(WHAS11) -The spring of 1969 for Louisville's famed Fontaine Ferry Park was shaping up like every other.
"Opened at ten a.m.," remembers Chuck Howell of Louisville, a former employee.
Opening day, as always, was the day after Derby. In 1969 that day was May 4th.
Five years earlier in 1964, Fontaine Ferry's owners had desegregated the park. Blacks were allowed in for the first time in its 64 year history. But up until that year, it was a much different story.
"I was a part of the first march at Fountain Ferry Park," remembers Robert Coleman of Louisville. "It ended with me going to jail the first time in my life-not riding the ferris wheel for the first time in my life."
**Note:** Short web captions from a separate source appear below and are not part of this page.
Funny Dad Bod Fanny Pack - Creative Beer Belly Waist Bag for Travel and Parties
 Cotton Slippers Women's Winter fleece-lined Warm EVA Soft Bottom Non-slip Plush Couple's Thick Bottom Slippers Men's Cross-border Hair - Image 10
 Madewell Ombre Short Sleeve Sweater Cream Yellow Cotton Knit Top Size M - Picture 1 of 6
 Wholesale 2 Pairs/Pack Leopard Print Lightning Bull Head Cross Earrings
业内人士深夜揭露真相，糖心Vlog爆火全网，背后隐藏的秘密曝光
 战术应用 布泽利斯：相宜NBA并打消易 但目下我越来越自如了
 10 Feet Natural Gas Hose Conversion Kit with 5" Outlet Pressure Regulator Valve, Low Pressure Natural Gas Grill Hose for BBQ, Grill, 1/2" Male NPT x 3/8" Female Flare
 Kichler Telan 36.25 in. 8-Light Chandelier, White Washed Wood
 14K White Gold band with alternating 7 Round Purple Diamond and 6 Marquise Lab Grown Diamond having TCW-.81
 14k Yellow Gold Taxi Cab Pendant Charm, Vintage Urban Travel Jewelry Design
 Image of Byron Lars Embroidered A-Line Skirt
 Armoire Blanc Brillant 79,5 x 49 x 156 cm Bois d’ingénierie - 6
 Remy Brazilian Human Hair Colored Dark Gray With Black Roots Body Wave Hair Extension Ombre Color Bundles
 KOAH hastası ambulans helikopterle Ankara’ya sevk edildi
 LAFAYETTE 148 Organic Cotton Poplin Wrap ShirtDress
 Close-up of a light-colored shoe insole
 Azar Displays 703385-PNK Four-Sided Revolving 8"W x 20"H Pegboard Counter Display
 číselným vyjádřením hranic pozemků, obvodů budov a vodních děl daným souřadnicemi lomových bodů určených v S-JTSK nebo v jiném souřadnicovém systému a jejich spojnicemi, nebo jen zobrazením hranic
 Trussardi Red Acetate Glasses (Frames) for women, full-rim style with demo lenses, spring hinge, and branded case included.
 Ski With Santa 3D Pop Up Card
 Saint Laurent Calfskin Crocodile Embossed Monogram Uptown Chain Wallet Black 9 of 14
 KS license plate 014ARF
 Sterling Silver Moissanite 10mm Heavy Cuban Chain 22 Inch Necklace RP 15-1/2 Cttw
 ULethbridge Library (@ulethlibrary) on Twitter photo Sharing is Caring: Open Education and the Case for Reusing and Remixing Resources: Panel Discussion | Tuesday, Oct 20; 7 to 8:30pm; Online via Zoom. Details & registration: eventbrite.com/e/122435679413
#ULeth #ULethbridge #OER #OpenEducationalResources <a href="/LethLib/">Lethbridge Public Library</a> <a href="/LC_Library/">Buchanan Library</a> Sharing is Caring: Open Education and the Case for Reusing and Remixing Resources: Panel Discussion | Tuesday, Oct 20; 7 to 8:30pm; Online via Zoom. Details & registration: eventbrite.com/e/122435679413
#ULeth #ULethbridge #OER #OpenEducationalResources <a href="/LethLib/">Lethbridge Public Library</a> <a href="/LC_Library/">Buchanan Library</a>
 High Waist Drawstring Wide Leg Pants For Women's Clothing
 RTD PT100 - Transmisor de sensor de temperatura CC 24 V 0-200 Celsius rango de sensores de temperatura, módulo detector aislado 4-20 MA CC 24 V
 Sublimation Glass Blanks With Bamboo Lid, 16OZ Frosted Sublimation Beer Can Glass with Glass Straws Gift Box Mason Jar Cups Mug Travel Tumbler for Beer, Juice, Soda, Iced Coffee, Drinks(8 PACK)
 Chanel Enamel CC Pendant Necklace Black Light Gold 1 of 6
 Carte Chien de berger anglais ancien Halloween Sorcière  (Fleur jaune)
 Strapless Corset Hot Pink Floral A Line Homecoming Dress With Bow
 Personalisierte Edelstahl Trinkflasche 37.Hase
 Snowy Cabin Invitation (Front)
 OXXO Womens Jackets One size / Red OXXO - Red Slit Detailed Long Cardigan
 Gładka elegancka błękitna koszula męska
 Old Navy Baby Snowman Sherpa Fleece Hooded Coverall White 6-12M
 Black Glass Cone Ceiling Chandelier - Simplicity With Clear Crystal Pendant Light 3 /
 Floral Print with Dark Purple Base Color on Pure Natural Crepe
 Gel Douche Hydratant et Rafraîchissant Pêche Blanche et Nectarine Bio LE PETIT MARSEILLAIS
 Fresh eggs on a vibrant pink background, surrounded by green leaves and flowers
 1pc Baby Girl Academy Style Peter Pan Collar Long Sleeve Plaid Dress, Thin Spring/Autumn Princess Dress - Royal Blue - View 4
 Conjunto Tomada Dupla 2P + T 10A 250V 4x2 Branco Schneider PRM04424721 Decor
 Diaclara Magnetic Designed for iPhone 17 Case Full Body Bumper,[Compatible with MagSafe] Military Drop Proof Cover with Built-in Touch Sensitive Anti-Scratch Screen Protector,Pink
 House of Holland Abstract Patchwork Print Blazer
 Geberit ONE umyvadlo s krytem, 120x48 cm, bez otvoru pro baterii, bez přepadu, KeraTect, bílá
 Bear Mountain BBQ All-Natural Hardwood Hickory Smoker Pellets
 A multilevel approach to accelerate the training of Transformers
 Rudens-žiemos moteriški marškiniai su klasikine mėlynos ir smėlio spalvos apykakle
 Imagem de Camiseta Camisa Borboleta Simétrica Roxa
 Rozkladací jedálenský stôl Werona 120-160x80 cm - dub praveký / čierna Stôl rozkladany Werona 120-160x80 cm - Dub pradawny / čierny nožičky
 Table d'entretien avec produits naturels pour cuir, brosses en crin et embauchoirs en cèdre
Prior to 1964, African Americans were asked to leave, even tossed from the park if they snuck in to the pool on a hot day.
Ishmael Muhammed of Louisville said, "We got in a couple of times but never made it to the water. Someone always said, 'These little boys are out!'"
"I think the disappointing thing was I couldn't go and enjoy the roller coaster, the pool, the skating rink, those kinds of things," Jack Norris remembers.
"All I can recall was seeing the big entrance gates and people inside having such a great time," said Rudy Davidson, head of the Shawnee Park Neighborhood Association and the former head of Louisville's Solid Waste Division under Jerry Abramson.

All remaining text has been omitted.